Crawled caption data
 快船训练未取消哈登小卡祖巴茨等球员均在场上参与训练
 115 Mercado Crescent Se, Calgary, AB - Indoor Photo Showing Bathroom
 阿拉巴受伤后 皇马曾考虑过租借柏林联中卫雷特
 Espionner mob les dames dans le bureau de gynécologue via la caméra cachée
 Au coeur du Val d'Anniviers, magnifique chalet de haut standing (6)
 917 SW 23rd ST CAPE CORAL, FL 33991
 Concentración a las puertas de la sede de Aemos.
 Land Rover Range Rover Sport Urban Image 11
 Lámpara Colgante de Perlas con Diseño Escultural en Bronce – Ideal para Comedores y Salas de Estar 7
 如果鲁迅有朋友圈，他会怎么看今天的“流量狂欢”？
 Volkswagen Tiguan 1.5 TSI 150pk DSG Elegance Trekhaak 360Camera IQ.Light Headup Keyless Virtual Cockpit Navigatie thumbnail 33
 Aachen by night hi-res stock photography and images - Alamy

Task requirements
The answer is the full data, repeated exactly as shown.

Solution to the exercise
 快船训练未取消哈登小卡祖巴茨等球员均在场上参与训练
 115 Mercado Crescent Se, Calgary, AB - Indoor Photo Showing Bathroom
 阿拉巴受伤后 皇马曾考虑过租借柏林联中卫雷特
 Espionner mob les dames dans le bureau de gynécologue via la caméra cachée
 Au coeur du Val d'Anniviers, magnifique chalet de haut standing (6)
 917 SW 23rd ST CAPE CORAL, FL 33991
 Concentración a las puertas de la sede de Aemos.
 Land Rover Range Rover Sport Urban Image 11
 Lámpara Colgante de Perlas con Diseño Escultural en Bronce – Ideal para Comedores y Salas de Estar 7
 如果鲁迅有朋友圈，他会怎么看今天的“流量狂欢”？
 Volkswagen Tiguan 1.5 TSI 150pk DSG Elegance Trekhaak 360Camera IQ.Light Headup Keyless Virtual Cockpit Navigatie thumbnail 33
 Aachen by night hi-res stock photography and images - Alamy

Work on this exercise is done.